- Born: 6 February 1814 Biała, Austrian Empire
- Died: 18 July 1873 (aged 59) Kraków, Austria-Hungary
- Known for: Rector of Jagiellonian University and University of Lviv
- Children: Leon Wachholz
- Scientific career
- Fields: History
- Workplaces: Jagiellonian University, University of Lviv

= Antoni Wachholz =

Polish historian

Antoni Wachholz (or Anton Wacholz; 6 February 1814 in Biała – 18 July 1873 in Kraków) was a Polish historian and rector of Jagiellonian University in 1865. He was also a member of the Galician Diet during its first term.

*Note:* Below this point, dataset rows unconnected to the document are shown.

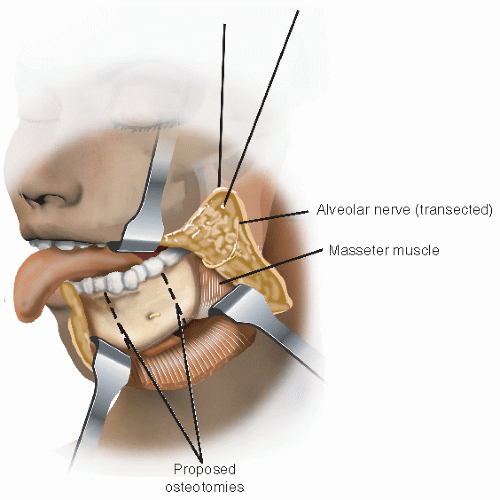 Lateral Segmental Mandibulectomy | Ento Key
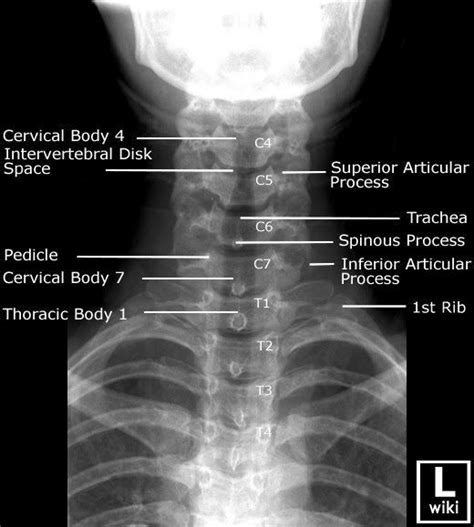 Cervical Spine Radiographic Anatomy Radiology Student Anatomy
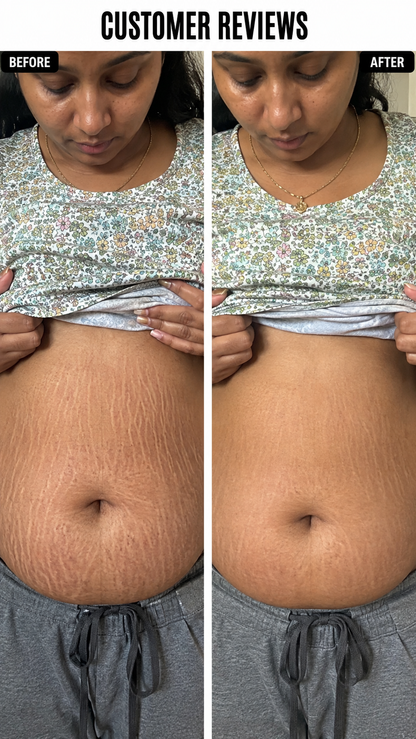 Stretchgo  Stretchmark Removal Herbal Oil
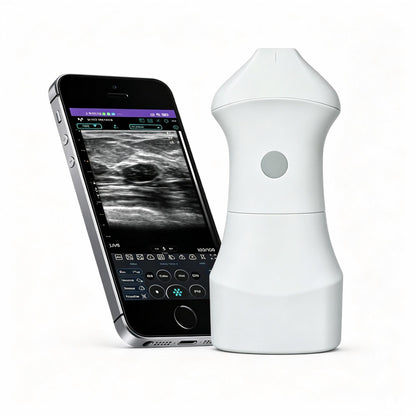 Global Healthcare Medical palm-sized wireless linear ultrasound scanner with replaceable battery for high-resolution superficial imaging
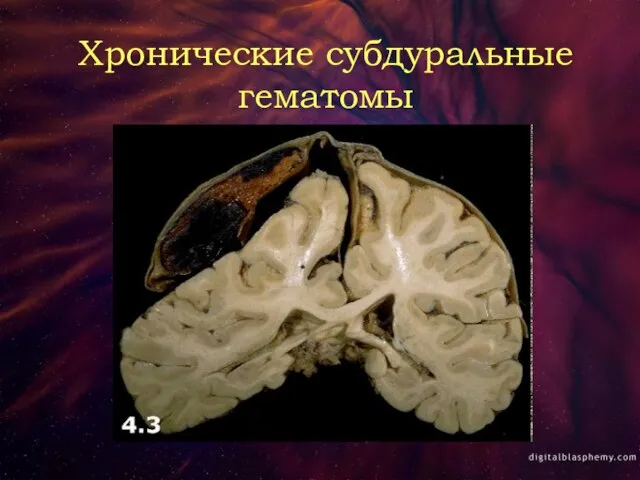 Хронические субдуральные гематомы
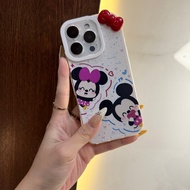 TM875 For OPPO Find X8 Ultra X7 X6 X5 X3 X2 Pro Lite Neo Reno 14 13 13F 12 12F 11 11F 10 9 8 8T 8Z 7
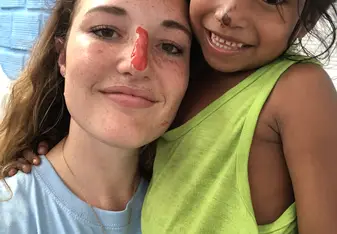Our noses match now.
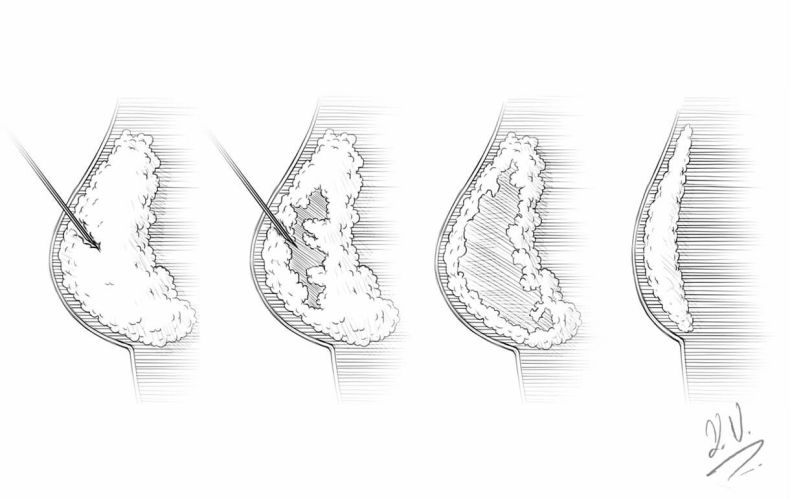 Injection lipolysis in Zug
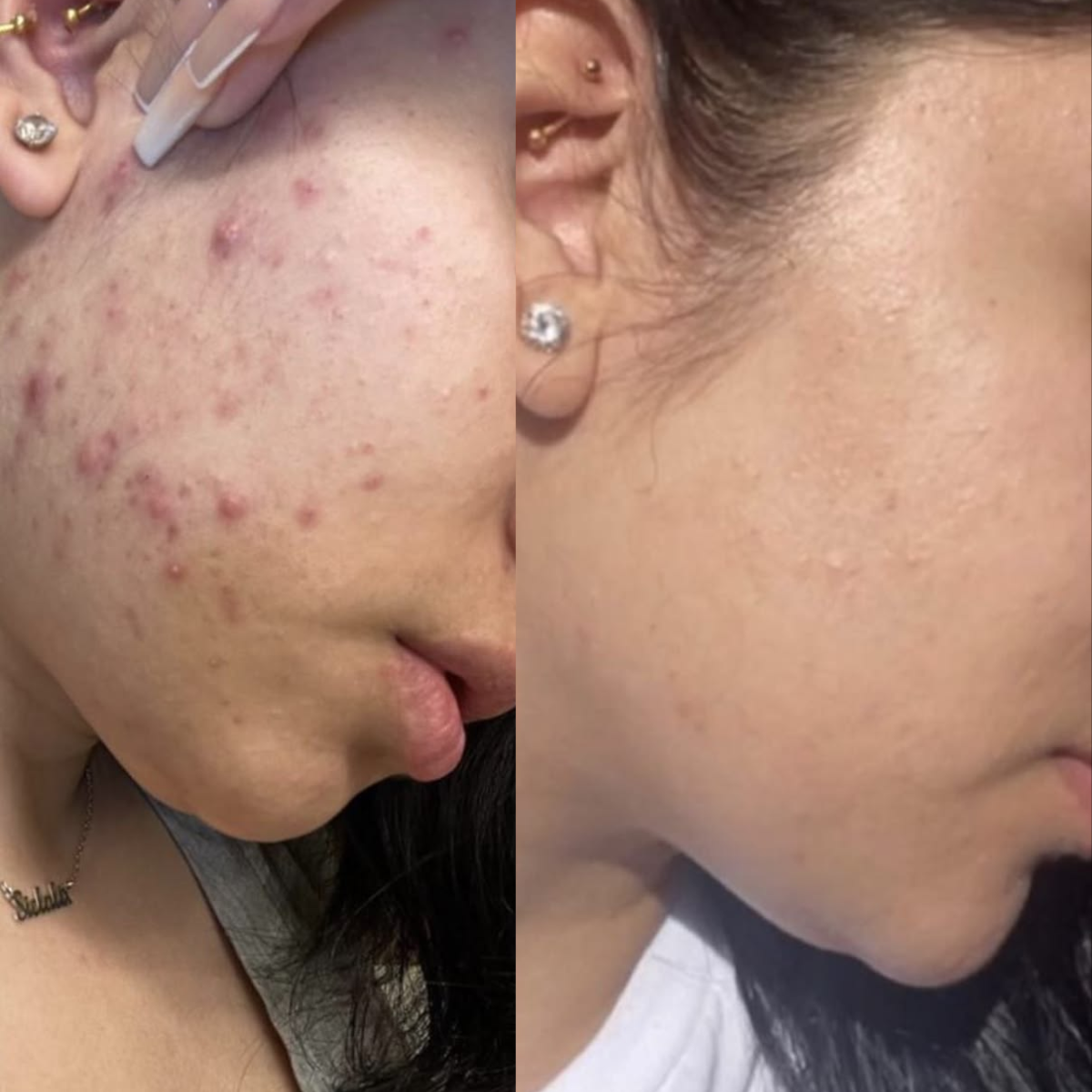 Collagen Jelly Cream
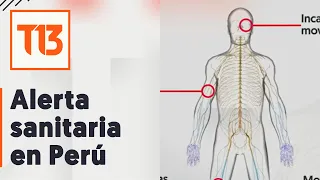 Alerta sanitaria en Perú por síndrome de Guillain-Barré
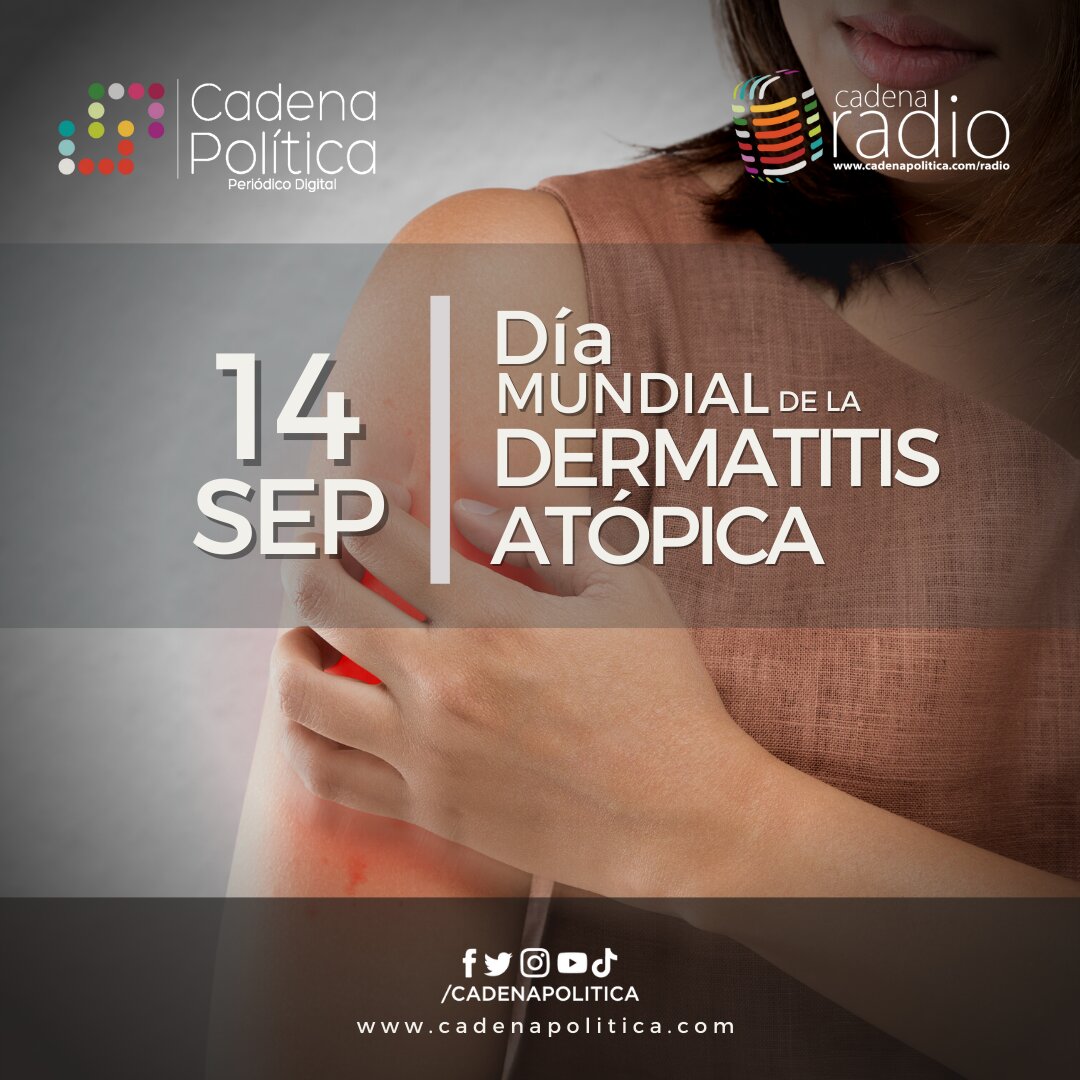 dermatitis atópica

After completing his studies, he worked at a school in Chernivtsi. In 1847, he was appointed to the Chair of General History at Jagiellonian University, but in 1848, he moved to the University of Lviv, where he served as dean and later as rector from 1857 to 1858. In 1860, he returned to Kraków, but due to his limited proficiency in Polish, he conducted lectures in German. He was appointed by Austrian authorities as rector of Jagiellonian University for the term 1864–1865.

He was married to Joanna Zagórska, and his son, Leon Wachholz, was a professor at Jagiellonian University. Antoni Wachholz was buried at Rakowicki Cemetery (section IX, south side).